Hoping to strike gold twice, we return to Gorwelion for Violet Skies.  She shares some ground with Haula, not least an impressive larynx, but her electronic torch songs are just too studio-smooth and her onstage drama the stuff of Eurovision heats.  If she stopped trying so desperately to affect, she could be someone to watch, though.

It’s funny to think of Alphabet Backwards being classed as Veterans, because they still act like naughty kids, leaping around the stage and trying to get people to wind up the security guy.  This is pop, not as youthful rebellion, but as childish fun, like The Red Hand Gang getting hopped up on tartrazine.  All this, and their playing is inch perfect too, never missing the opportunity for maximum bounciness.  The keyboards are a wee bit too quiet, but this is balanced by Steph’s flowing Sandie Shaw dress.  They are ten times more fun than Summer Camp, whom we’d just watched briefly, not to mention summerier and camper.

“Who likes Saint Raymond?” asks the visibly refreshed singer of soft-centred hardcore Leeds lads Brawlers.  “I mean, we’ve never heard of them, and we only ask because we just stole their fucking beer”.   He then proceeds to share said bevvies with the crowd.  Now accessories to the crime, we have no choice but to give up and enjoy the band, which despite being musclier and much louder and far far more tattoed is actually a good analogue to Alphabet Backwards: they are working very hard for you to have a good time, and are not worried a wet fart about anything else.  Pop music, in other words.

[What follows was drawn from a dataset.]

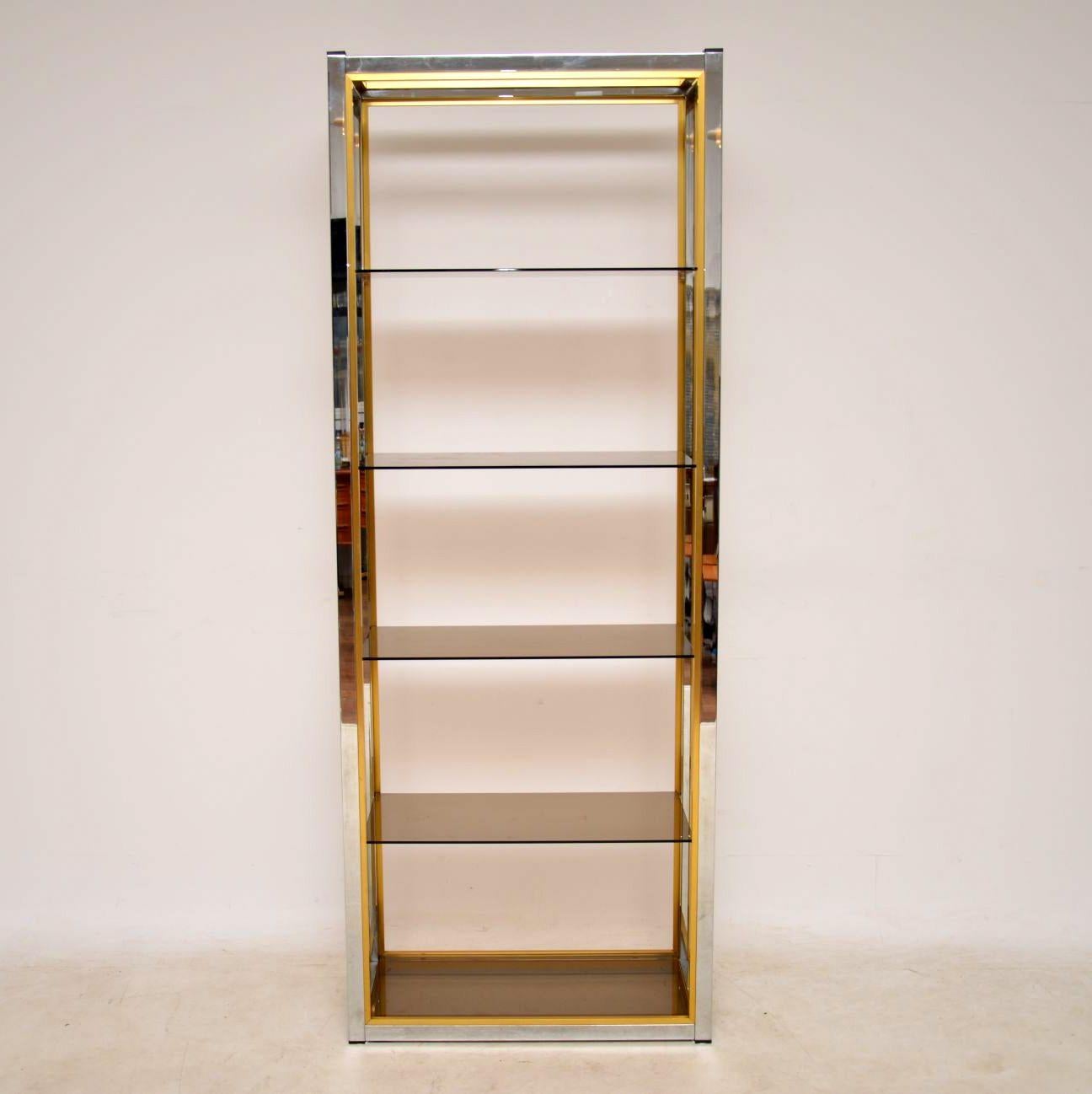 A stunning vintage bookcase / cabinet made in Italy during the 1970s, this was designed by Renato Zevi. These were originally retailed in Harrods, the quality is superb. The condition of this is excellent, with only some extremely minor surface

Peasants King finish off the Gorwelion stage.  Shouldn’t there be an apostrophe in that name somewhere?  Hell, don’t bother answering, we gave up after finding no fewer than 19 errors on the first page of the Truck programme alone.  Plus the cover looks like it could be the 1985 catalogue from Clockhouse at C&A, so it’s best left under lock and key.  Peasants King make a decent Britrock sound, but it all feels a bit old hat, from the guy playing a separate floor tom - so 2008 - on up.  Perhaps at the other end of the festival we’d have got more from them, but on the home straight we need more to grab us.